What a dumb comment. Every murderer doesn't get life without possibility of parole. And your comment about the young going on to commit more crime after the first because they were born without something is opinion. People, even children, have committed murder on impulse and regretted it immediately. That doesn't mean they shouldn't get prison time, even life, but it doesn't mean they were born to commit a second crime either.
Let me educate some of you, on minimum sentencing and how it came about.
Read below:
Mandatory sentencing and increased punishment were enacted when the United States Congress passed the Boggs Act of 1951. The acts made a first time cannabis possession offense a minimum of two to ten years with a fine up to $20,000; however, in 1970, the United States Congress repealed mandatory penalties for cannabis offenses. With the passage of the Anti-Drug Abuse Act of 1986 Congress enacted different mandatory minimum sentences for drugs, including marijuana.

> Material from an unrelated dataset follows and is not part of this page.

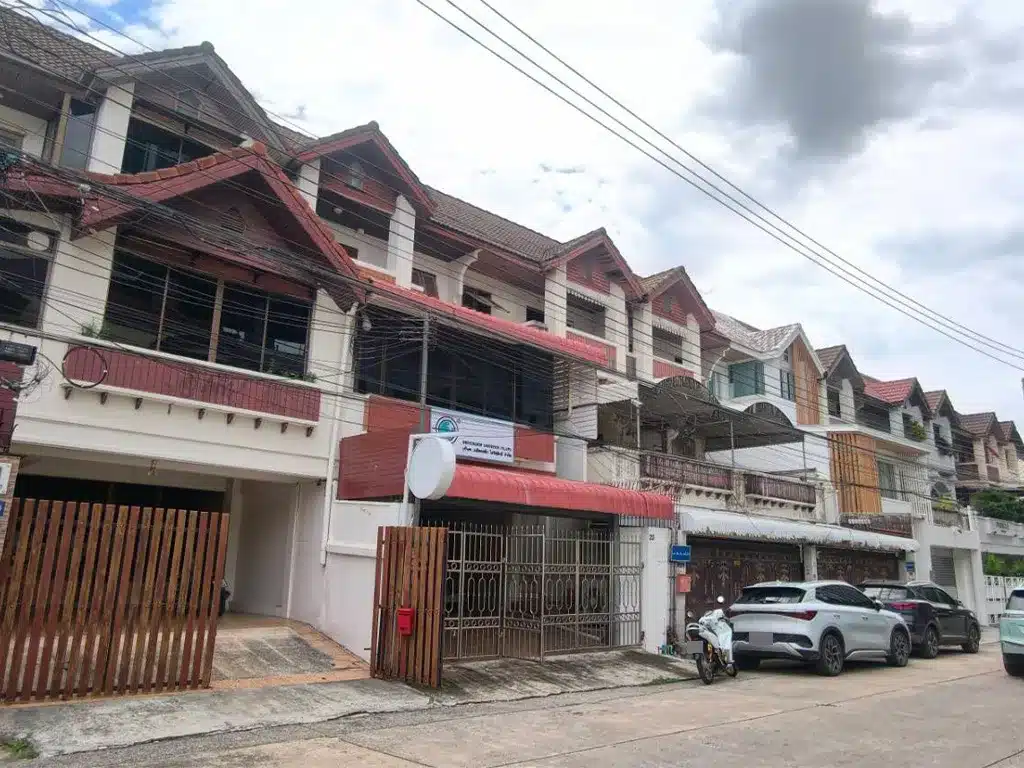 ทาวน์เฮาส์ 3 ชั้น 2 หลัง (ไม่ติดกัน) ม.ศรีสุโขทัย บางกะปิ กทม. รูปที่ 2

The Eighty-second United States Congress was a meeting of the legislative branch of the United States federal government, composed of the United States Senate and the United States House of Representatives. It met in Washington, D.C. from January 3, 1951 to January 3, 1953, during the last two years of the second administration of U.S. President Harry S. Truman.
The apportionment of seats in this House of Representatives was based on the Sixteenth Census of the United States in 1940. Both chambers had a Democratic majority.
Separate from each state's own courts, federal courts in the United States are guided by the Federal Sentencing Guidelines. (See War on Drugs for more information about US drug laws.) When a guideline sentencing range is less than the statutory mandatory minimum, the latter prevails. Under the Controlled Substances Act, prosecutors have great power to influence a defendant's sentence and thereby create incentives to accept a plea agreement. In particular, defendants with prior drug felonies are often subject to harsh mandatory minimums, but the prosecutor can exercise his discretion to not file a prior felony information. Then the mandatory minimum will not be applied.
And this, from 1991:
Provide certainty and fairness in meeting the purposes of sentencing by avoiding unwarranted disparity among offenders with similar characteristics convicted of similar conduct, while permitting sufficient judicial flexibility to take into account relevant aggravating and mitigating factors;
(translation - those with money not receiving the same sentences as those without money)
Readers Digest version for the reading and cognitive impaired.
Liberals complained that the "rich" (read white) were receiving lighter sentences then the "poor" (read minorities) were and that this was unfair.
Liberals campaigned for the "Minimum Sentencing Guidelines", to force the Courts to address this disparity and THEY GOT IT.
Now all of a sudden, liberals are the ones crying about the "Minimum Sentencing Guidelines" are too harsh and want to change what THEY DEMANDED.
Now I fully expect that instead of refuting the FACTS, liberals will just pooh - pooh the FACTS and ignore them.